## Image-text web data
++++
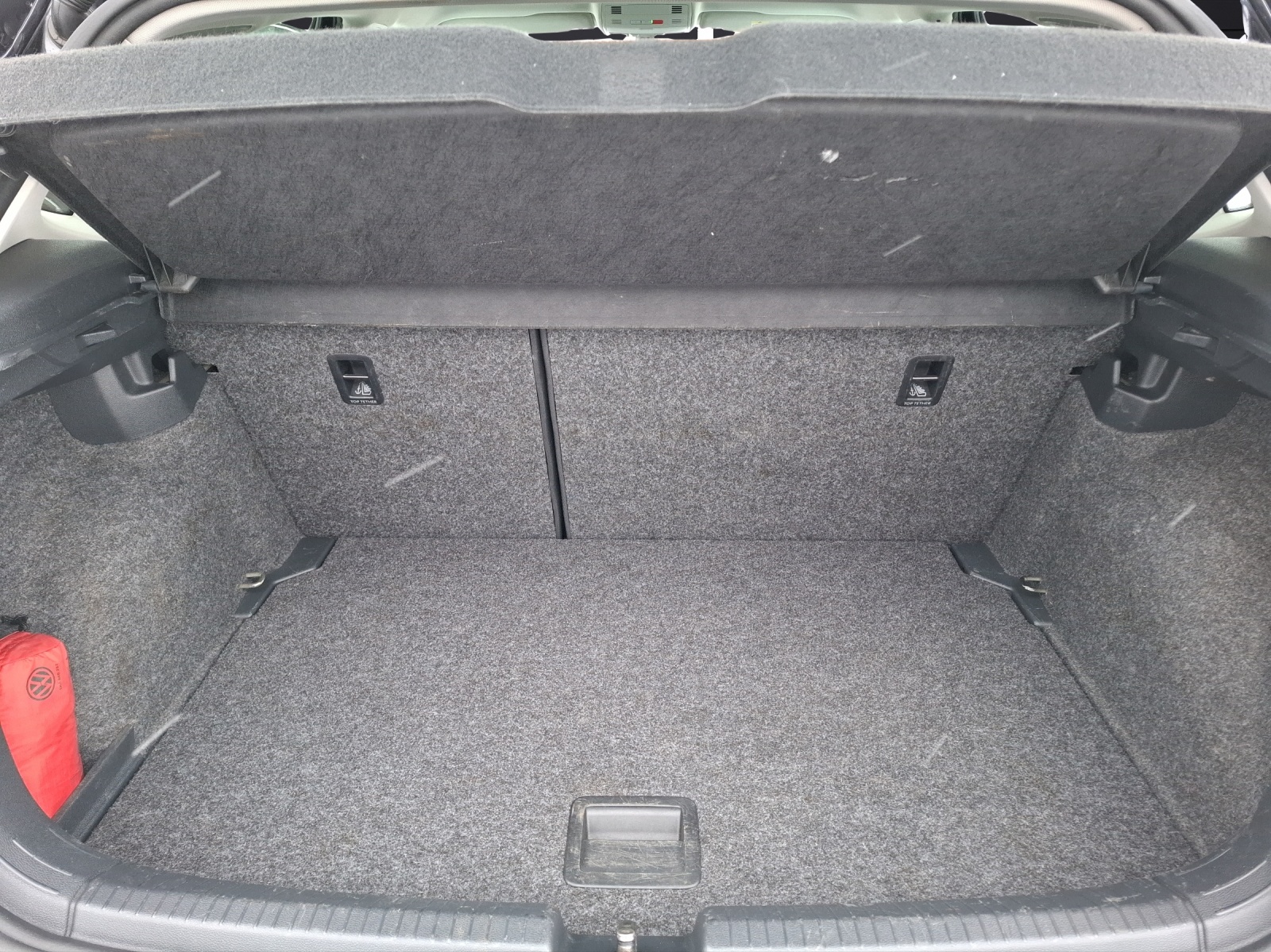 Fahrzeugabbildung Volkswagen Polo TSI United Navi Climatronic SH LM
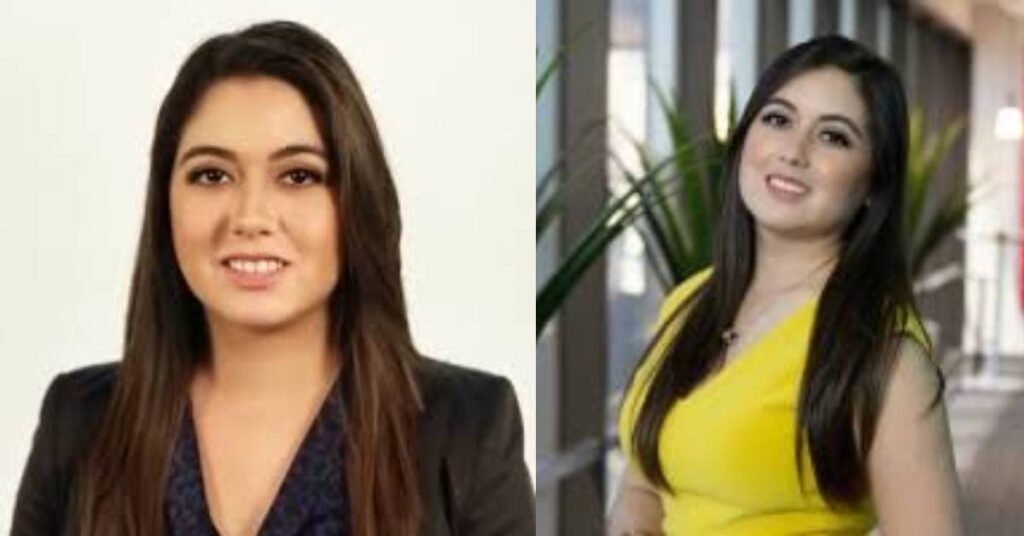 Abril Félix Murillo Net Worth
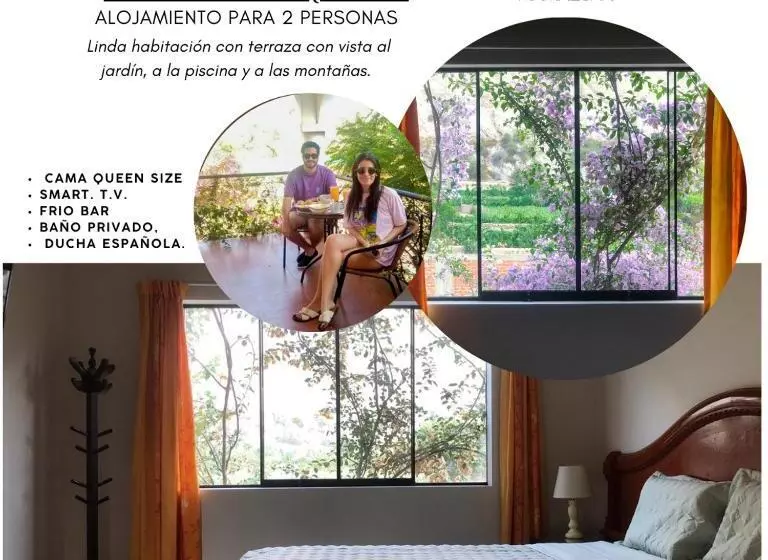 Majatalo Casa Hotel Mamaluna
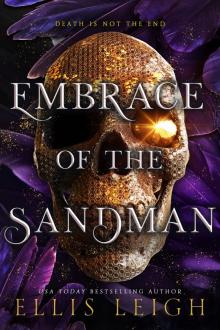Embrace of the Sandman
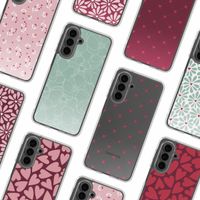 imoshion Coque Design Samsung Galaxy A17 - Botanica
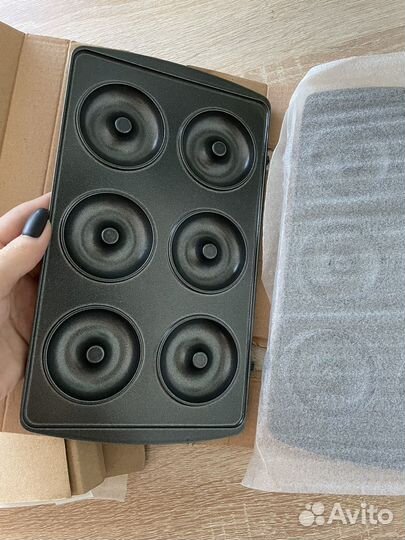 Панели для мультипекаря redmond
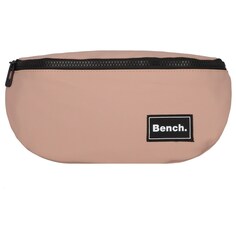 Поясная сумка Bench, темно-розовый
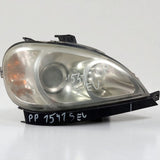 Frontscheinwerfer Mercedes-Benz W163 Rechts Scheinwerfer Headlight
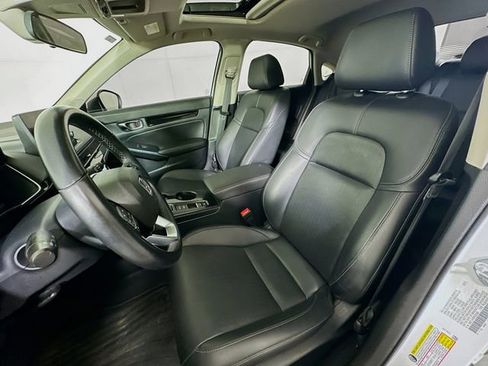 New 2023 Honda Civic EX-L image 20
++++
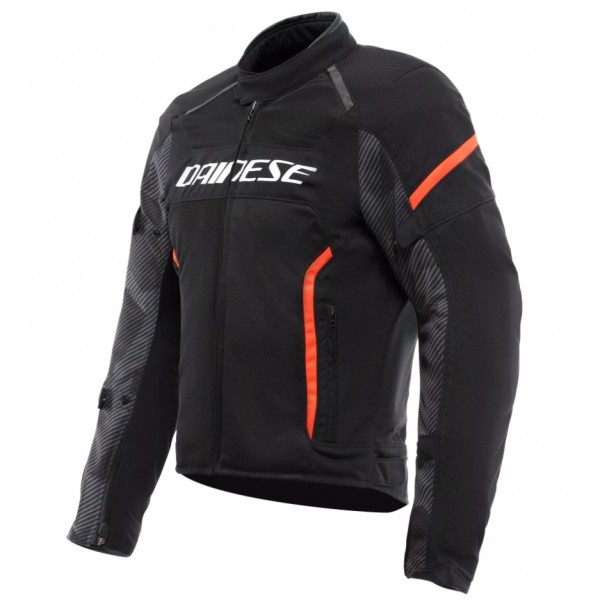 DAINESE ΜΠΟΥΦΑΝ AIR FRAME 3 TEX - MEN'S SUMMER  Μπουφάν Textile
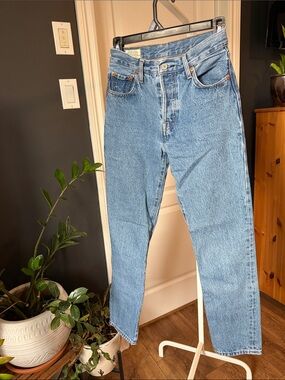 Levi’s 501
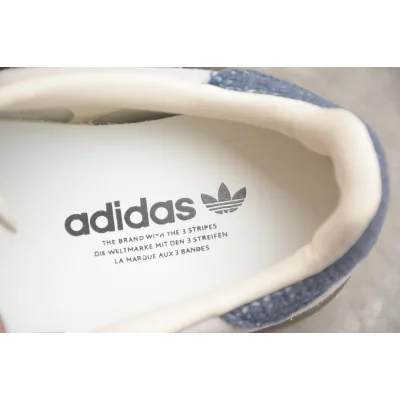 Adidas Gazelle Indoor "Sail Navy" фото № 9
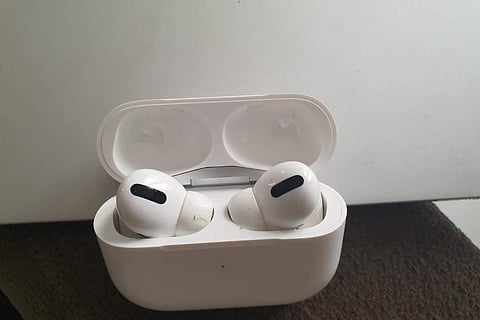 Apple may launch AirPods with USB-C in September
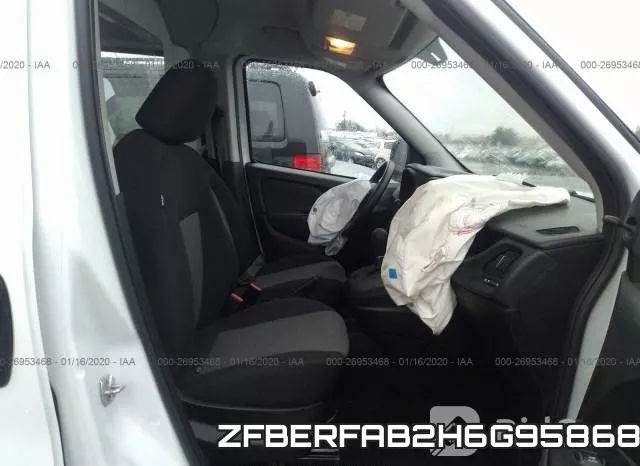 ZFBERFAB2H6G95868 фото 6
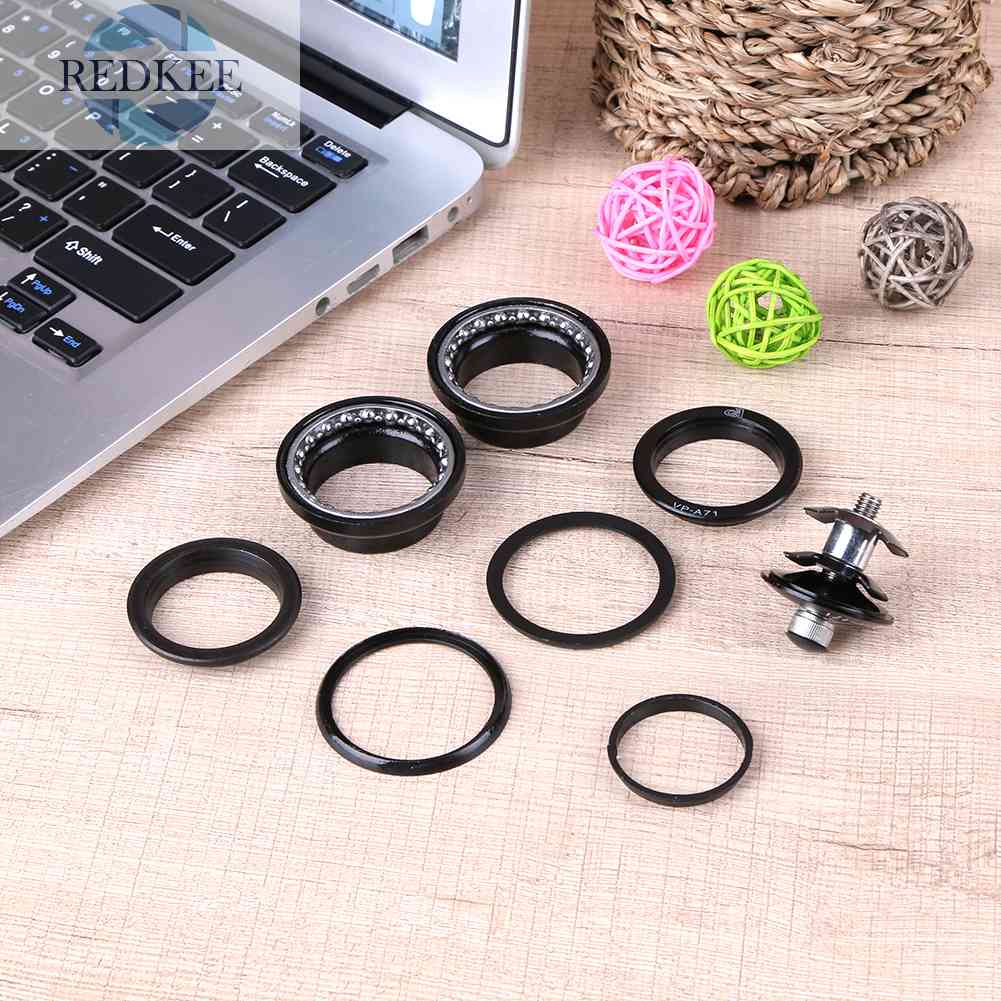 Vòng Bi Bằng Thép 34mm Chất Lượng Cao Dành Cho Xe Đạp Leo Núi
++++
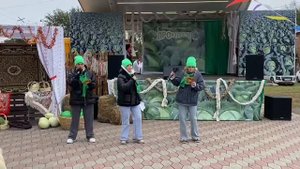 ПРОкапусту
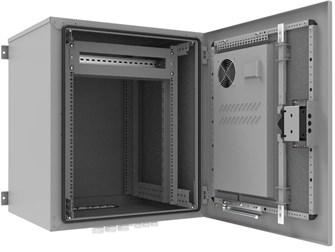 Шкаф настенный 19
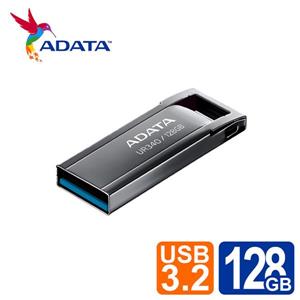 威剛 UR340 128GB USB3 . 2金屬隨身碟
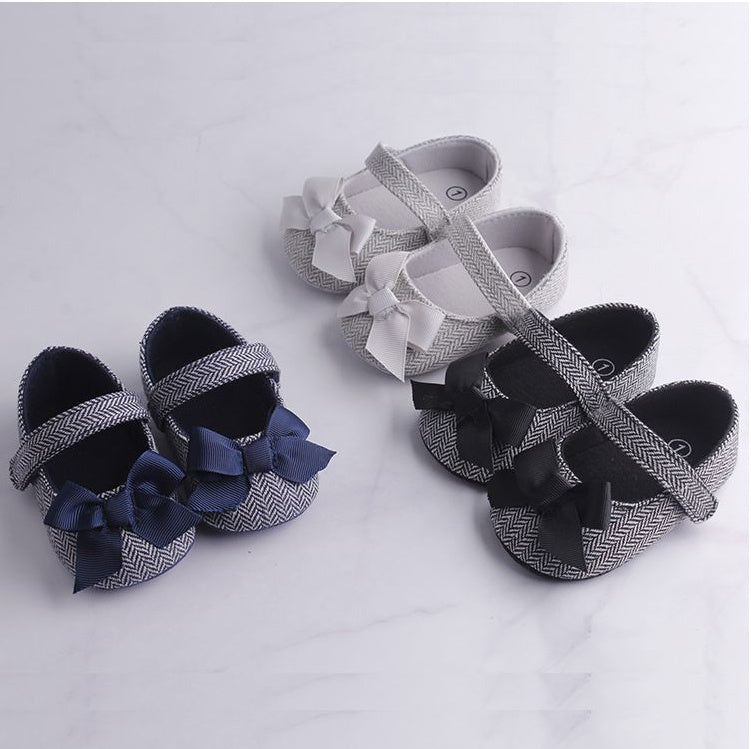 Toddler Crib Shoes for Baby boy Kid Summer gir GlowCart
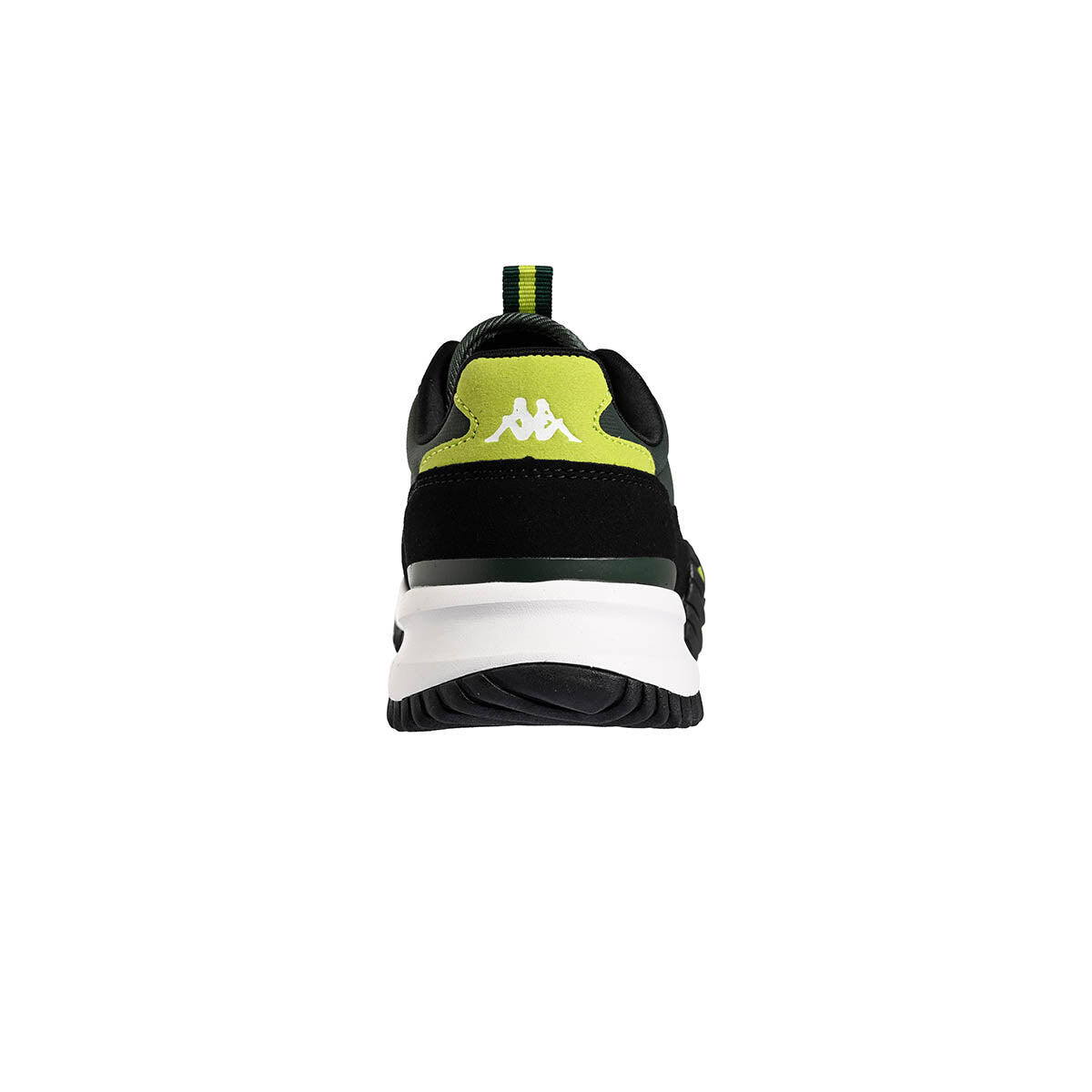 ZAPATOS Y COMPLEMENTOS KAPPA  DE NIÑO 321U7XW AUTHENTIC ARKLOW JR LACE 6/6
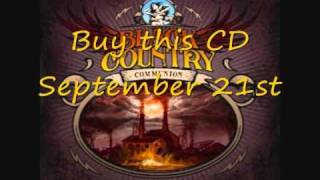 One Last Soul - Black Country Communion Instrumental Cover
++++
## Exercise aim
Write out exactly the lines above between the one with "Fahrzeugabbildung Volkswagen Polo" and the one with "New 2023 Honda Civic EX-L image 20", inclusive, with pictures left out.

## Exercise response
 Fahrzeugabbildung Volkswagen Polo TSI United Navi Climatronic SH LM
 Abril Félix Murillo Net Worth
 Majatalo Casa Hotel Mamaluna
Embrace of the Sandman
 imoshion Coque Design Samsung Galaxy A17 - Botanica
 Панели для мультипекаря redmond
 Поясная сумка Bench, темно-розовый
 Frontscheinwerfer Mercedes-Benz W163 Rechts Scheinwerfer Headlight
 New 2023 Honda Civic EX-L image 20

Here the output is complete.